[Prompt] Only the number is needed: count the lines below that hold the string "with".

[Records for the task]
────────────────────────────────────────
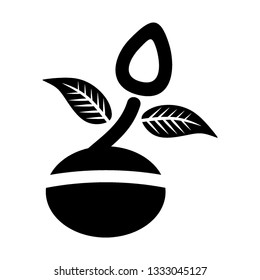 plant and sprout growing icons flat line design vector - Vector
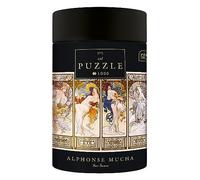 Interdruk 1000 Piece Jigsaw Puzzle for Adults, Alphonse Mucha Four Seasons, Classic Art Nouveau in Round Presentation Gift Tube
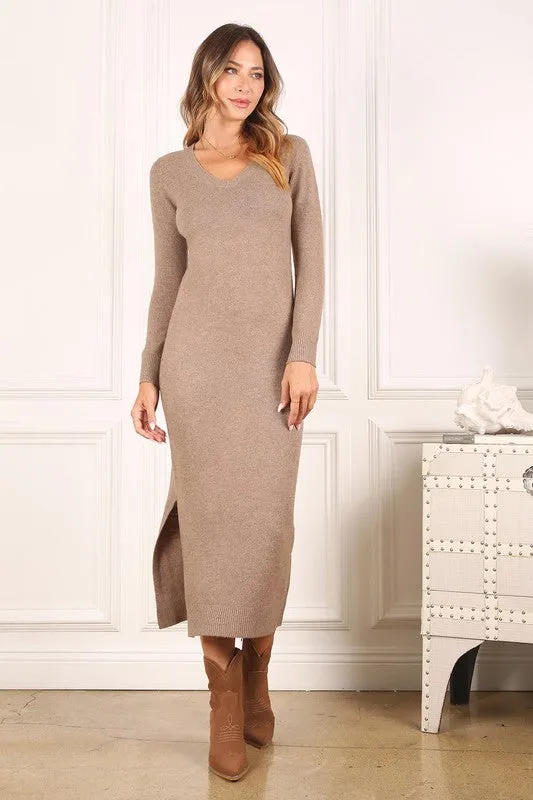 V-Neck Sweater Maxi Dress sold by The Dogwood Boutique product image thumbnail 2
────────────────────────────────────────
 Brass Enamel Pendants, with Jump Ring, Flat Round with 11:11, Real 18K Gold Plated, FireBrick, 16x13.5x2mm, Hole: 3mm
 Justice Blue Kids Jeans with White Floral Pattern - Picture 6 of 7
────────────────────────────────────────
[Exercise result] 2